How does phishing work?
A phishing scam begins with a malicious user who sends out millions of fraudulent e-mail messages that appear to come from popular Web sites or from sites that you trust, like your bank or credit card company. The e-mail messages, and the Web sites they often send you to, look official enough that they deceive many people into believing that they're legitimate. Believing that these e-mails are legitimate, unsuspecting people too often respond to the e-mail's requests for their credit card numbers, passwords, account information, or other personal information.
A scam artist might put a link in a fake e-mail that appears to go to the legitimate Web site, but actually takes you to a scam site or even a pop-up window that looks exactly like the official site. These copies are often called spoofed Web sites. Once you're at one of these spoofed sites or pop-up windows you might unwittingly enter even more personal information that will be transmitted directly to the person who created the spoofed site. That person can then use this information to purchase goods, apply for a new credit card, or steal your identity.
6 ways to protect yourself from phishing
Step 1: Never respond to requests for personal information via e-mail.
Legitimate organizations will never ask for passwords, credit card numbers, or other personal information in an e-mail. If you do receive an e-mail requesting this kind of information, don't respond -- Do Not Reply, Do Not Click on Links or Images in the Message, and Do Not Open any attachments with the message, If you think the e-mail is legitimate, contact the company by phone or through their Web site to confirm. See Step 2 for the best ways to get to a Web site if you think you've been targeted by a phishing scam.

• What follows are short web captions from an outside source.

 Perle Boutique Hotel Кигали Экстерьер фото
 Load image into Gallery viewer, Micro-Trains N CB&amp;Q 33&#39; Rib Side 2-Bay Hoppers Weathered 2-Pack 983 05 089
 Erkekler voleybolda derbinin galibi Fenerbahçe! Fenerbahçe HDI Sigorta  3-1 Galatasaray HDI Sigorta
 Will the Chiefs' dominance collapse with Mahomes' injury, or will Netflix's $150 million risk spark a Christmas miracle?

You can get more information about phishing and see some example messages at SecureList Phishing Examples and Microsoft Safety & Security Center. You can also see actual phishing examples sent to Clarion University.
Step 2: Visit Web sites by typing the URL into your address bar.

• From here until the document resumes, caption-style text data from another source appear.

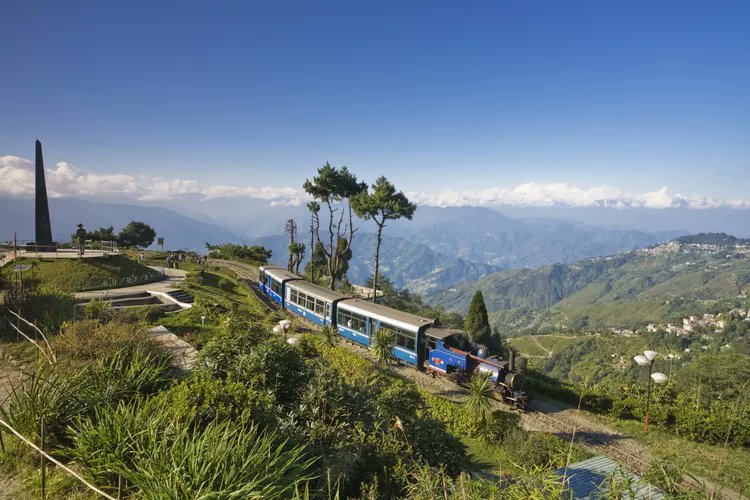 chidanand33's tweet image. 🏔️ Darjeeling – Queen of the Hills! 🍵✨

Kanchenjunga sunrise magic at Tiger Hill 🌅  
Endless green tea gardens bliss 🌿  
Toy Train chugging through clouds 🚂  
Chowrasta vibes &amp;amp; Himalayan dreams! 🇮🇳❤️

Pure serenity!  

#Darjeeling #QueenOfHills #travel  #IncredibleIndia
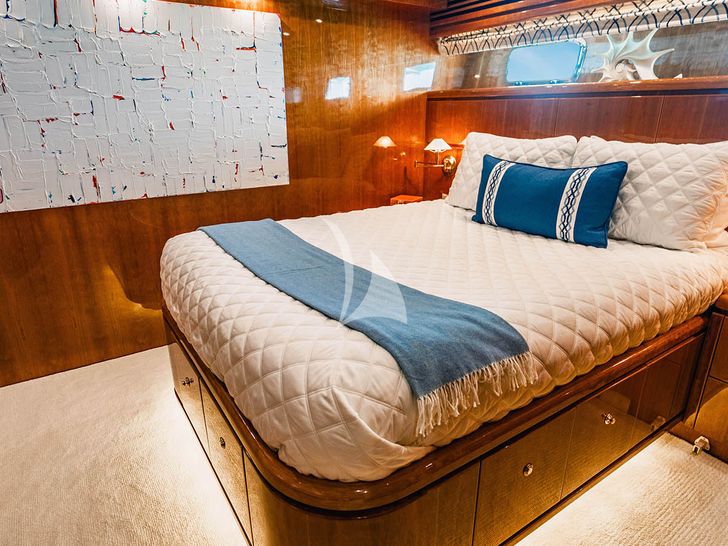 NEXT CHAPTER Hargrave 97 RPH - VIP cabin 1 NEXT CHAPTER Hargrave 97 RPH - VIP cabin 1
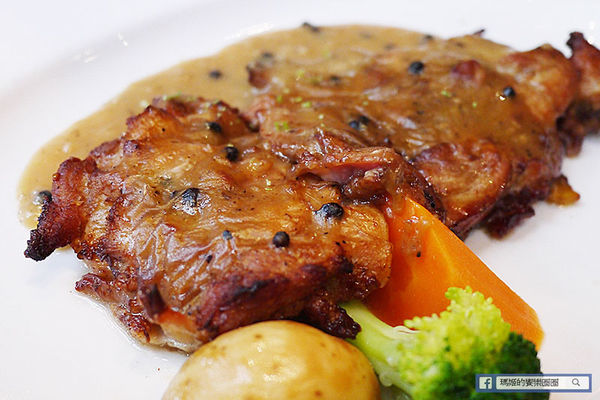 台中草悟道【南瓜屋魔女露露的廚房】滿滿南瓜圍繞童話故事主題風餐廳。草悟道義式料理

If you suspect that an e-mail from your credit card company, bank, online payment service, or other Web site you do business with is not legitimate, don't follow the links to the Web site from an e-mail message. Those links may take you to a spoofed site that might send all the information you enter to the scam artist who created the site.
Classic examples are Phishing emails that claim to come from Ebay and Paypal. Pay attention to the URL of a web site. Malicious web sites may look identical to a legitimate site, but the URL may use a variation in spelling or a different domain (e.g., .com vs. .net). So BEWARE OF IMITATION WEB SITES!
Step 3: Check to make sure the Web site is using encryption
If you can't trust a Web site by the address bar, how do you know it's likely to be secure? There are a few different ways. First, before you enter any personal information, check to see if the Web site uses encryption to transmit your personal information. In Internet Explorer you can do this by checking the yellow lock icon on the status bar. If the lock is closed, then the site uses encryption. This symbol signifies that the Web site uses encryption to help protect any sensitive personal information-credit card number, payment details-that you enter.
Double-click the lock icon to display the security certificate for the site. The name following Issued to should match the site you think you're on. If the name differs, you may be on a spoofed site. If you're not sure whether a certificate is legitimate, don't enter any personal information. Play it safe and leave the Web site.
Step 4: Routinely review your credit card and bank statements
Review credit card and bank account statements as soon as you receive them to check for unauthorized charges.
Step 5: Report suspected abuses of your personal information to the proper authorities
If you feel you have been a victim of a phishing scam, you should immediately report the scam to the company that's being spoofed. If you're unsure how to contact the company, visit the company's Web site to get the correct contact information. The company may have a special e-mail address to report such abuse. Remember not to follow any links in the phishing e-mail you received. You should type the known Web site address for the company directly into the address bar in your Internet browser.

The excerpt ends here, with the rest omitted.